Data Type Compatibility for Loss and Target Functions
March 24, 2026 · View on GitHub
Data structure to pass in Attributor
Below is a comprehensive table of the data structure each attributior supports. The loss function each attributior takes is also provided.
| Family | Algorithms | tuple | list | dict | loss function |
|---|---|---|---|---|---|
| IF | Explicit | ✔️ | ✔️ | ❌ | Code example |
| CG | ✔️ | ✔️ | ✔️ | Code example | |
| LiSSA | ✔️ | ✔️ | ❌ | Code example | |
| Arnoldi | ✔️ | ✔️ | ❌ | Code example | |
| DataInf | ✔️ | ✔️ | ❌ | Code example | |
| EK-FAC | ✔️ | ✔️ | ❌ | Coming soon | |
| RelatIF | ✔️ | ✔️ | ❌ | Coming soon | |
| LoGra | ✔️ | ✔️ | ❌ | Coming soon | |
| GraSS | ✔️ | ✔️ | ❌ | Coming soon | |
| TracIn | TracInCP | ✔️ | ✔️ | ✔️ | Code example |
| Grad-Dot | ✔️ | ✔️ | ✔️ | Code example | |
| Grad-Cos | ✔️ | ✔️ | ✔️ | Code example | |
| RPS | RPS-L2 | ✔️ | ✔️ | ❌ | Coming soon |
| TRAK | TRAK | ✔️ | ✔️ | ✔️ | Code example |
| Shapley Value | KNN-Shapley | ✔️ | ✔️ | ❌ | Coming soon |
Below is more detailed description of the data structure each attributor can take.
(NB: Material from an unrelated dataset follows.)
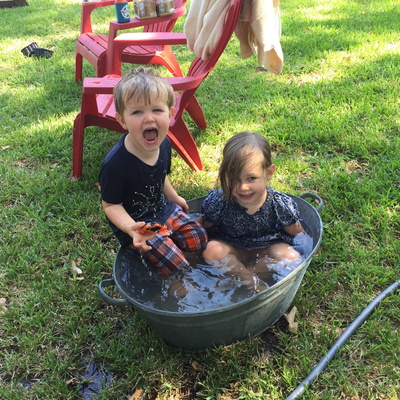 Grand Canyon Babysitting July 2019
Currently we support 2 types of data structures (tuple and list) to be passed in any Attributor, including Influence Function, TRAK and TracIn, etc.
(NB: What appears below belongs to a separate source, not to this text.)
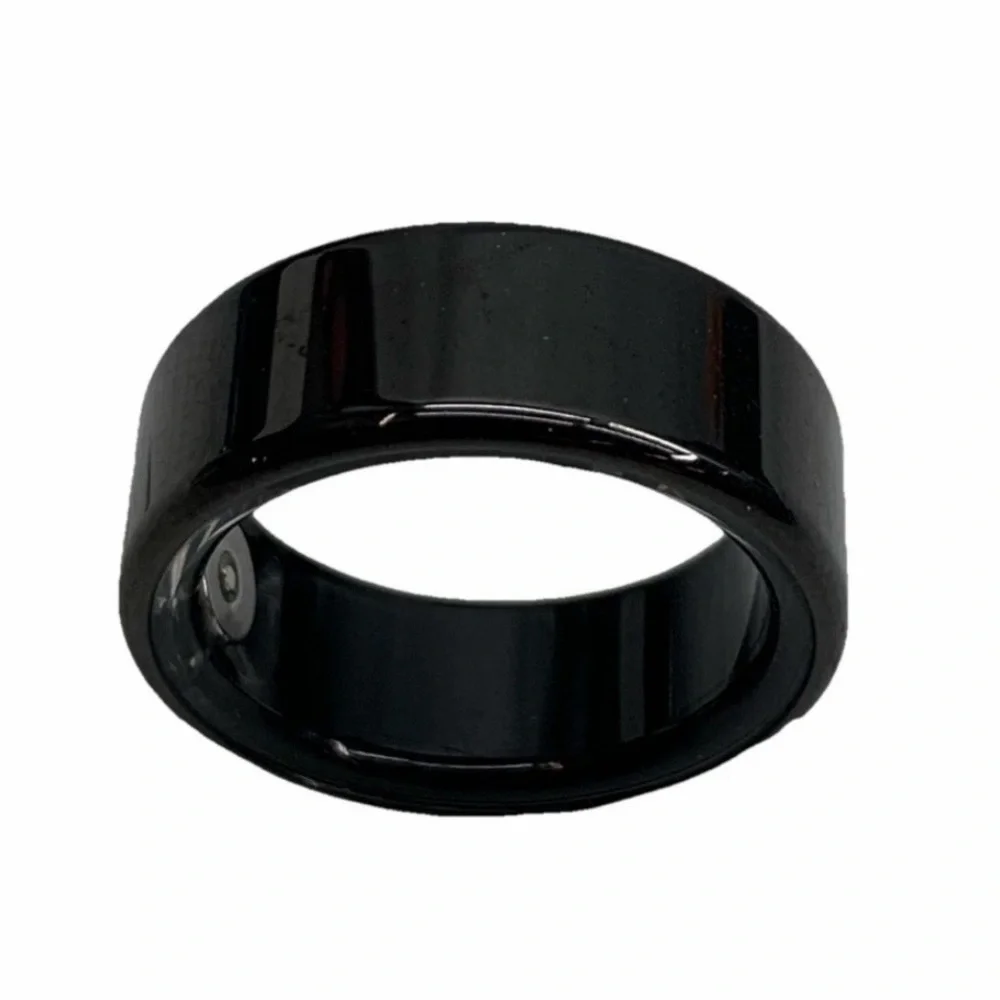 Smart Ring Size 10 Black HR3602 Wearable Heart Rate Blood Oxygen Fitness Tracker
Here is an example on how to define a dataset of type tuple to pass to Attributor:
# load the MNIST dataset
dataset, dataset_test = create_mnist_dataset("./data")
# dataloaders
...
train_loader_attr = torch.utils.data.DataLoader(
dataset,
batch_size=500,
sampler=SubsetSampler(range(1000)),
)
...
# get influence function score
task = AttributionTask(...)
attributor = IFAttributorCG(task=task)
attributor.cache(train_loader_attr)
with torch.no_grad():
score = attributor.attribute(train_loader_attr, ...)
We also support using dict for Influence Function (CG), TRAK and TracIn. However, it is worth noting that Dataloader would only work properly if the values in the dictionary are torch.tensor.
Here is an example on how to define a dataset of type tuple to pass to Attributor:
...
# get original dataset
train_dataset = lm_datasets["train"]
eval_dataset = lm_datasets["validation"]
# convert values in the dict to torch.tensor
train_dataset = [
{k: torch.tensor(v, dtype=torch.long) for k, v in d.items()}
for d in train_dataset
]
eval_dataset = [
{k: torch.tensor(v, dtype=torch.long) for k, v in d.items()}
for d in eval_dataset
]
# dataloaders
train_dataloader = DataLoader(
train_dataset,
...
)
eval_dataloader = DataLoader(
eval_dataset,
...
)
...
Definition of loss/target function
The loss/target function to be passed in Attributor requires great care in the dimensionality of data passed in. The reason, in short, is that we sometimes placed a dummy leading dimension for different Attributors to work properly.
Influence Function
In Influence Function, we have placed the dummy leading dimension (batch) for loss functions such as CrossEntropyLoss to work. An example loss function looks like this:
def f(params, data_target_pair):
image, label = data_target_pair
loss = nn.CrossEntropyLoss()
yhat = torch.func.functional_call(model, params, image)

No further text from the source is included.